The Oscar-nominated script was written by Frederic Raphael, from his recollection of various trips across the South of France and Italy. It has the merit to insist that marriage isn't a fairy tale, and it raises important points about why people spend lives together. Once again, love isn't enough. Sometimes marriage makes you feel like being 'hooked' and be entangled in responsibilities that make love a weapon as much as a target. And so "Two for the Road" follows the marital life of two straight shooters: Mark and Joanna Wallace in a span of twelve years that -and this should be specified- is exposed in a non-linear way without any transition apart from a few clever cuts.

That was a deliberate choice from director Stanley Donen, who, didn't want to make it a series of intertwined vignettes but a true examination of marriage at different steps. That they aren't shot like flashbacks implies that they should be considered at the present time, not as a set-up or a foreshadowing. According to Donen, the experience is better if the picture is made of temporal juxtaposition, linearity would've made it dull and banal. In fact we have to look at the present as a result of the past, which is exactly the reality of marriage; we marry for a future but linger on the past. Still, it's not always easy to follow and the back-and-forth trips provoke sometimes a certain dizziness.

The film opens with Albert Finney and Audrey Hepburn's long faces, they see an unhappy newly wed couple and she notices that they don't smile "why should they, they're getting married" dryly retorts Mark. That opening line can be misleading by insinuating this is an exercise in cynicism, in fact it's only to show that these two know each other so well they just can't kid themselves. They have come to that phase where they can stop pretending and denude their hearts from the whole romantic BS. But one can't help but feel sorry for Audrey Hepburn who was used to more benevolent partners. While Finney plays the hardened one who never changes (not even physically), Hepburn as usual knows how to internalize in delicate classiness, Donen who had worked with her in "Funny Face" and "Charade" knew her so well he couldn't have throwing dishes or going into loud tantrums. Her eyes speak a thousand words. Not that she's immune to criticism as her husband points out, "Just because you use a silencer doesn't mean you're not a sniper.", a line that could sum up my perception of the two women of my life.

And in this patchy narrative we see tensions rising and deflating from one episode to another, leaving us with the impression that these people argue because they know each other so well. That's what you call complicity. When they travel together Mark's ex-girlfriend Cathy Manchester (Eleanor Bron), her husband (William Daniels) and their insufferable daughter Ruth 'Ruthie' (Gabrielle Middleton, the stares they exchange say everything.

Still, for all its noble intentions, the jigsaw puzzle structure can be really difficult to follow: except if you have a keen eye on Audrey Hepburn's wardrobe and haircut evolution. It's obvious she gives the best performance and we can see her mutual naivety slowly fading down and at the end she's as stern and cynical as her husband. I'm not even sure the couple make it for the next ten years.
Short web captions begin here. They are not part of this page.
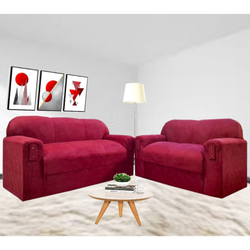 Conjunto de sofá 2 e 3 lugares xaropinho marrom é ruim? Conjunto de sofá 2 e 3 lugares xaropinho marrom é boa?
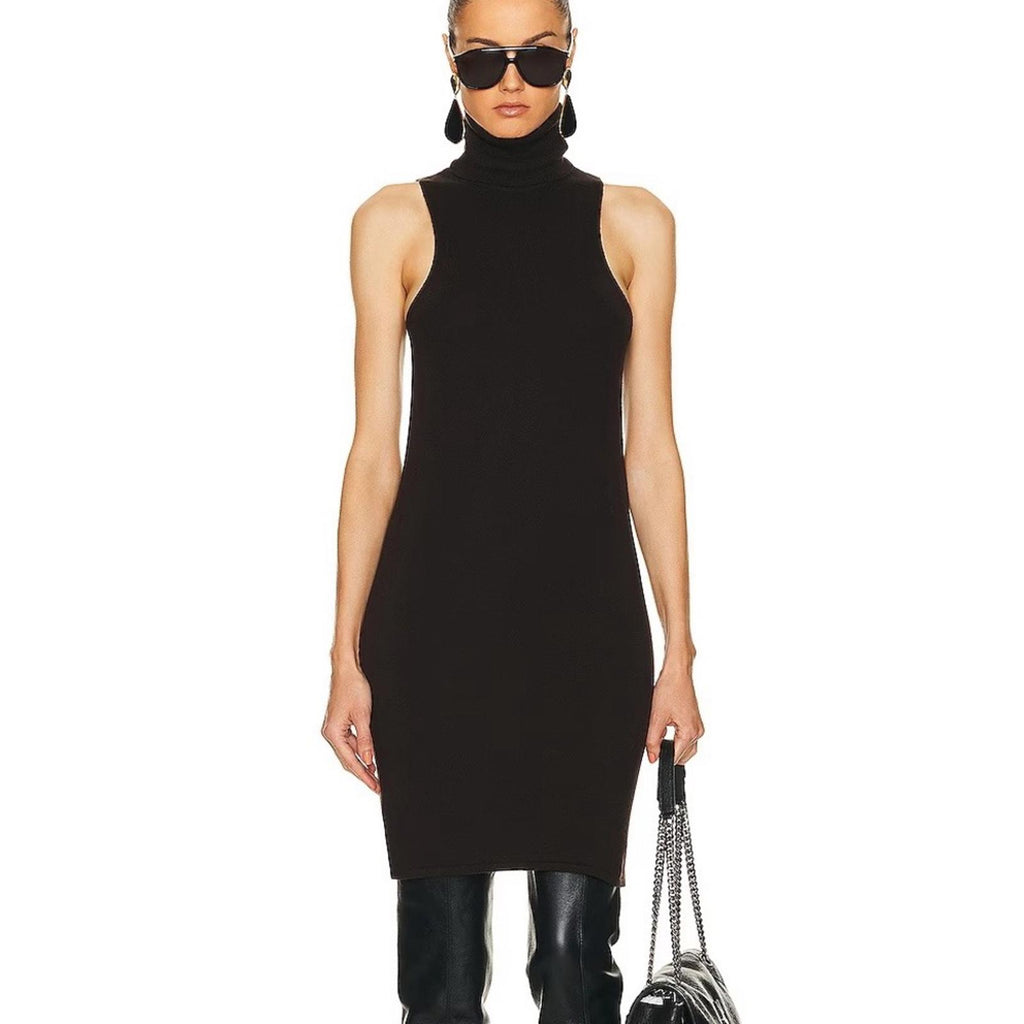 Saint Laurent Knit Dress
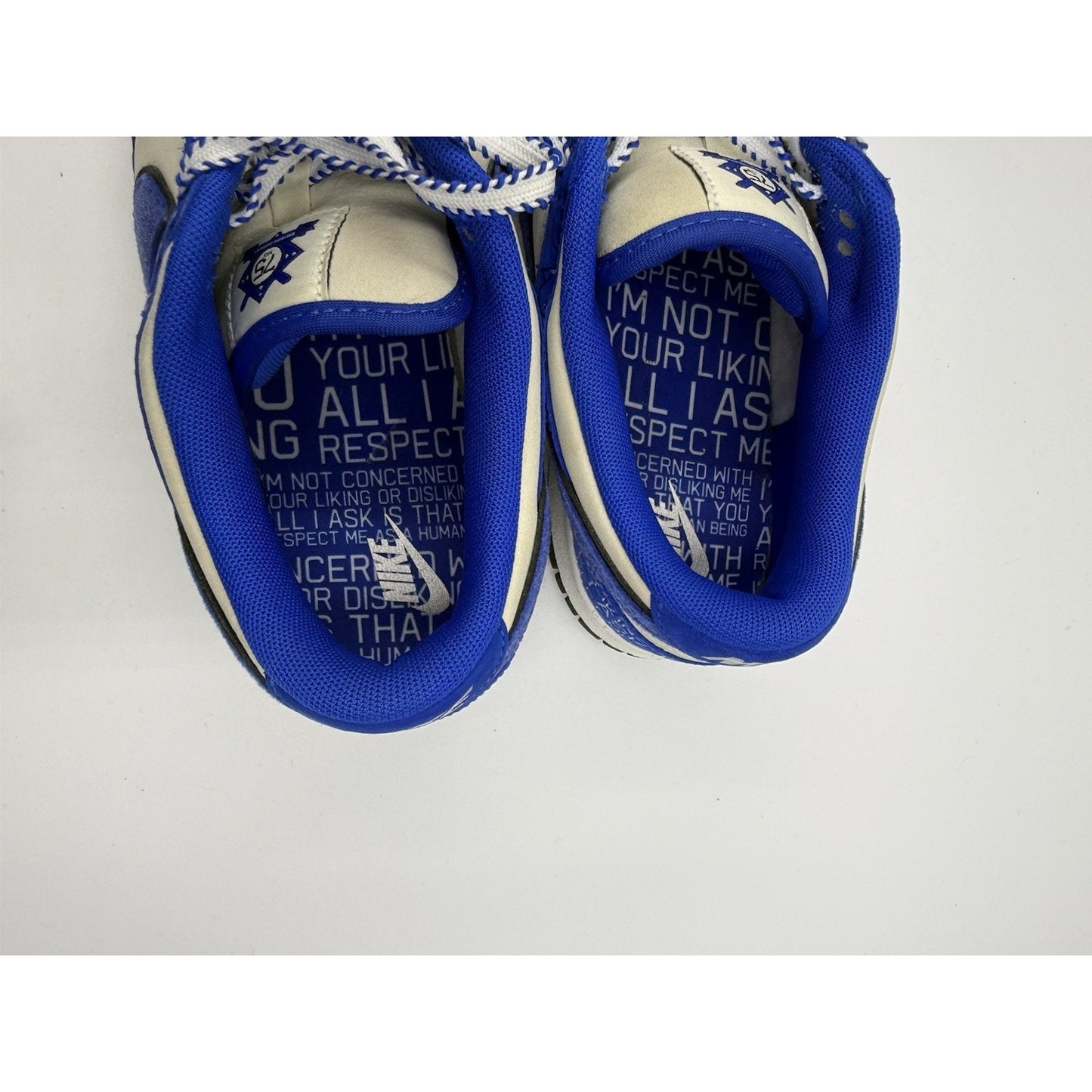 Size 6 (GS) - Nike Dunk Low Jackie Robinson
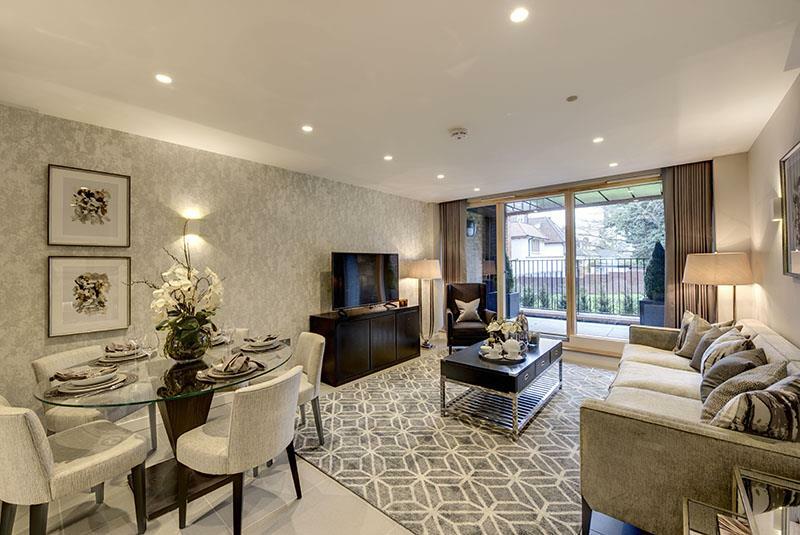 3 bed Apartment for rent in Hampstead. From Glentree International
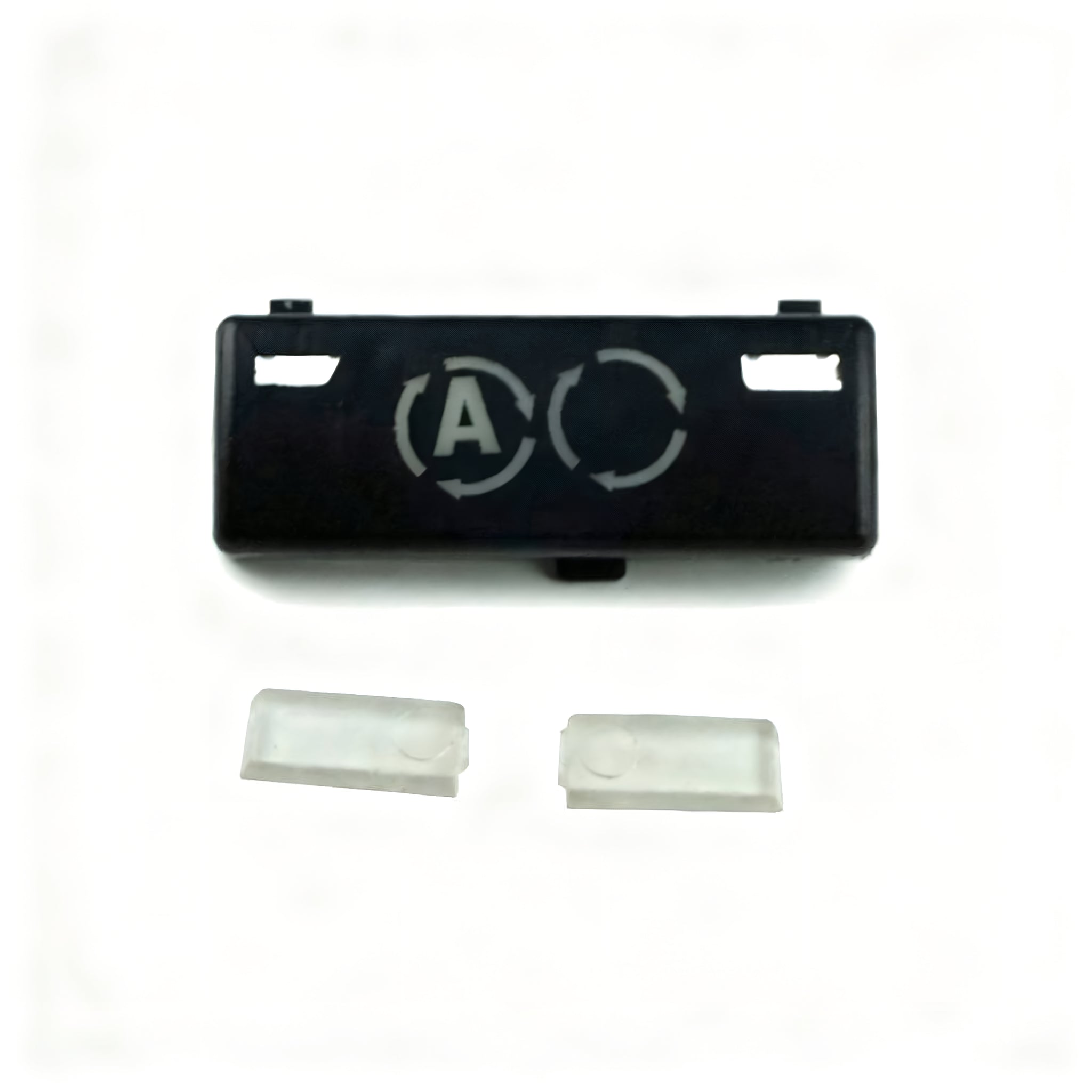 14 Pieces Air Conditioner Climate Control Switch Panel Button Cover Cap for BMW X5 E53 2000-2006 5 Series E39 1996-2003 64116915812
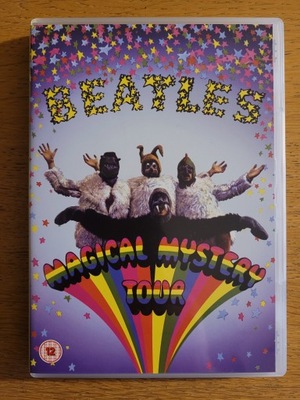 The Beatles Magical Mystery Tour DVD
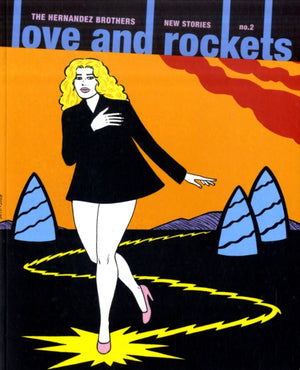 Love and Rockets: New Stories #2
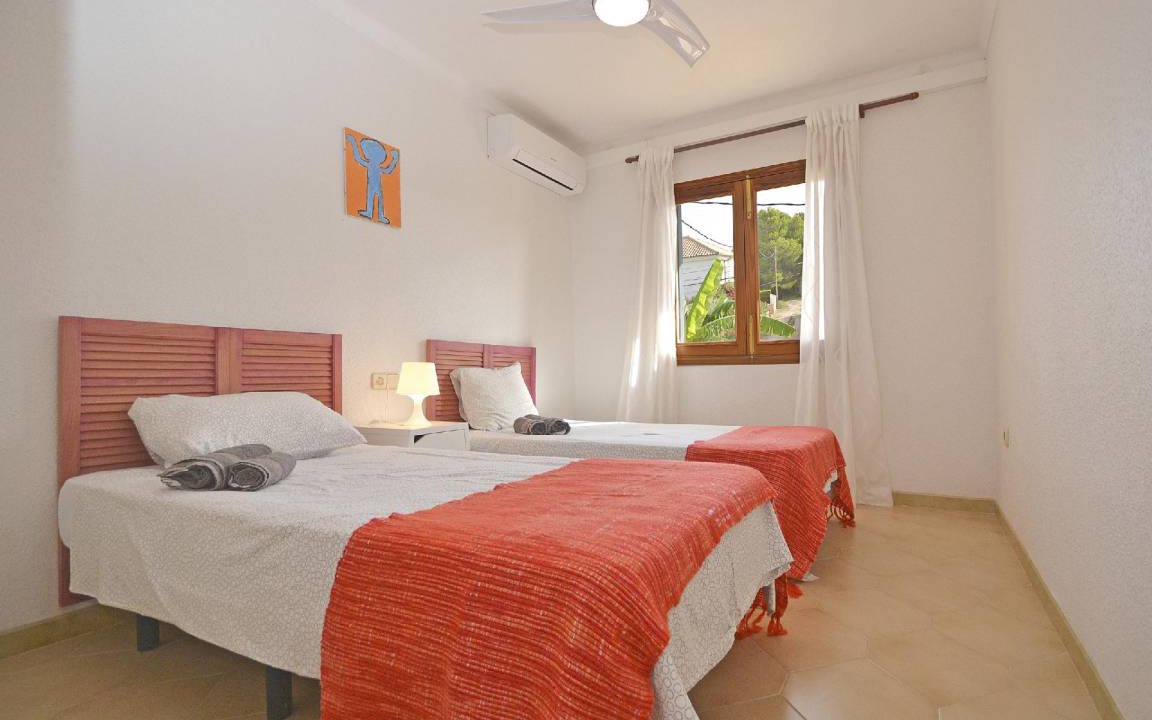 Photo of Bedroom in Marina Manresa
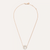 Pomellato Pom Pom Dot Mother of Pearl Diamond Necklace - Orsini Jewellers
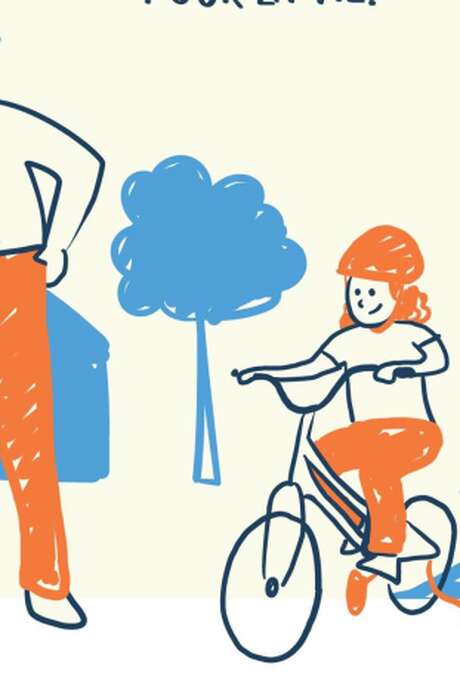 Mai à vélo à Bignan : atelier de réparation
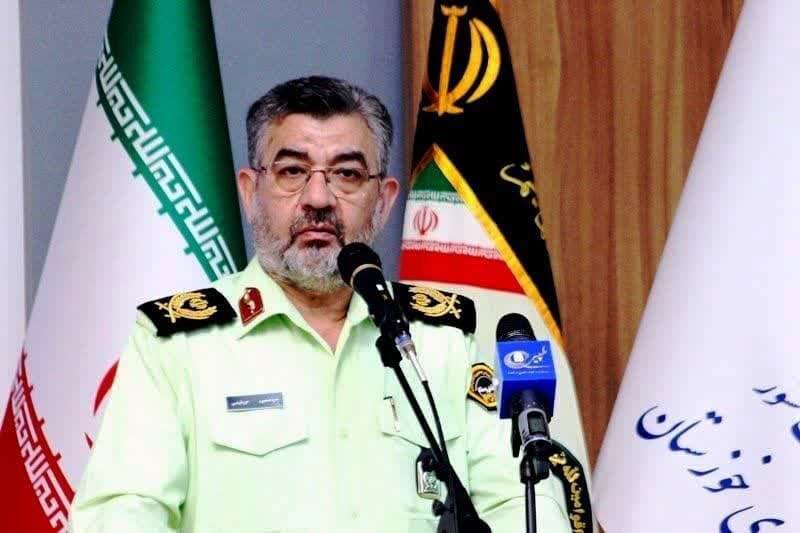 دپوی سوخت قاچاق در هندیجان کشف شد
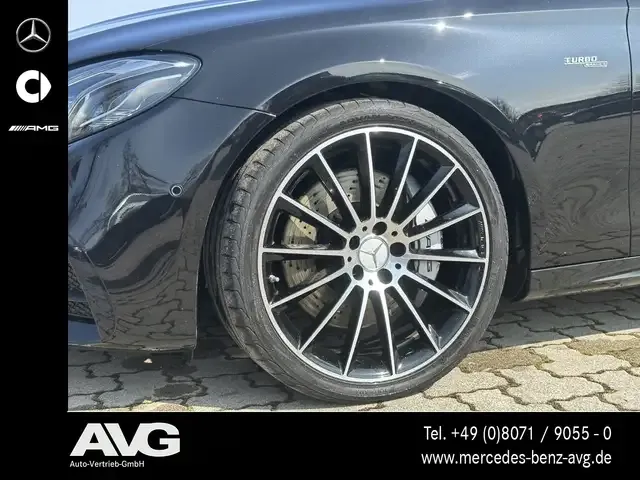 Mercedes-Benz E 53 AMG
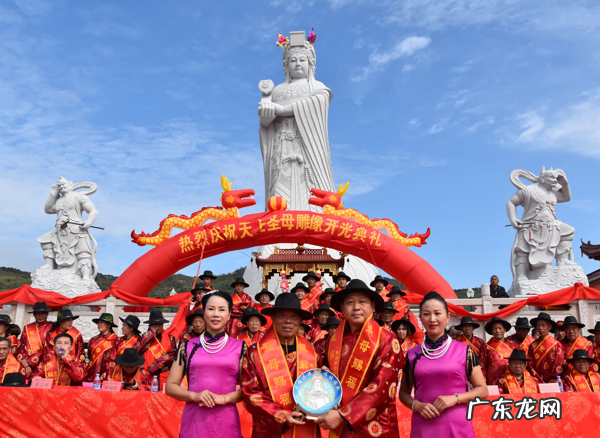妈祖真身在哪里 妈祖神像在哪里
That said, the film is enjoyable on a very superficial level, the costume, the design of cars, the love letter to French province and Donen's choice not to exaggerate them in order to make the decades more identifiable, so it was obvious Donen didn't want to make a gimmick-film but a true examination of a couple whose fluctuating levels of love and commitments evolve with time. I can understand why it's a personal favorite, but I feel like it's a sentimental choice, but marriage is all about sentiments.

The best thing about the film is still Hanri Mancini's magnificent score.